= Ken Castleman =

Kenneth R. Castleman is a retired NASA engineer who now lives in League City, Texas. He holds B.S, M.S. and Ph.D. degrees in electrical engineering from The University of Texas at Austin. He was a Senior Scientist at NASA's Jet Propulsion Laboratory from 1970 through 1985. During that time he headed the Automated Light Microscope project, which paved the way for landing an intelligent microscope on Mars, and he was inducted into the National Space Foundation's Space Technology Hall of Fame. He also served on the faculty at Caltech and on the research staff at USC and at UCLA.

In 1984, Castleman teamed up with Donald Winkler of the NASA Johnson Space Center and founded Perceptive Systems, Inc (PSI) in Houston, Texas. That company manufactured automated microscope systems for use in genetic diagnosis and sold them internationally. PSI was later reformed as Perceptive Scientific Instruments, Inc. (PSII) and eventually sold to IRIS International in 1996. IRIS established it as a Research and Development Center under the name Advanced Digital Imaging Research (ADIR), with Dr. Castleman as president. He retired in 2008.
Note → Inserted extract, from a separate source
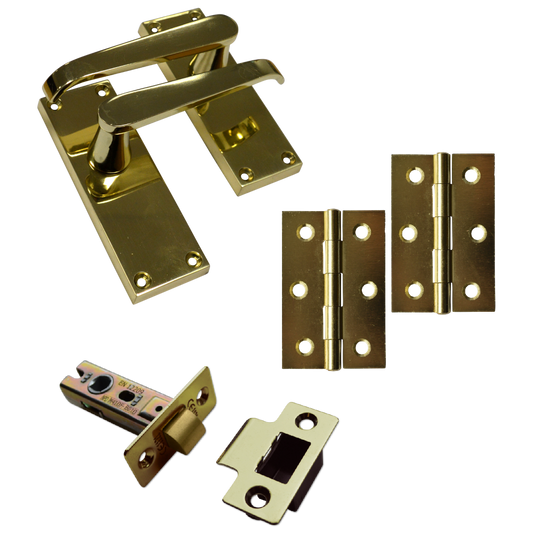 ASEC Victorian Handle Latch Pack Brass Straight Lever With Latch & Hinges Polished Brass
Castleman is the author of the textbooks Digital Image Processing (1979) ISBN 0-13-212365-7, Digital Image Processing (1996) ISBN 0-13-211467-4 and a co-editor of Microscope Image Processing (2008) ISBN 978-0-12-372578-3. The 1996 book has been translated int Japanese and Chinese and is used in universities internationally. He is also the author or co-author of four patents and more than sixty scientific articles.

Castleman is an authority in the field of image processing and pattern recognition. In 1986 and again in 2003, he was called in by NASA to assist the investigations into the Challenger and Columbia space shuttle accidents. He has served on government, industrial, and university advisory committees and has testified as an expert witness in a number of patent lawsuits.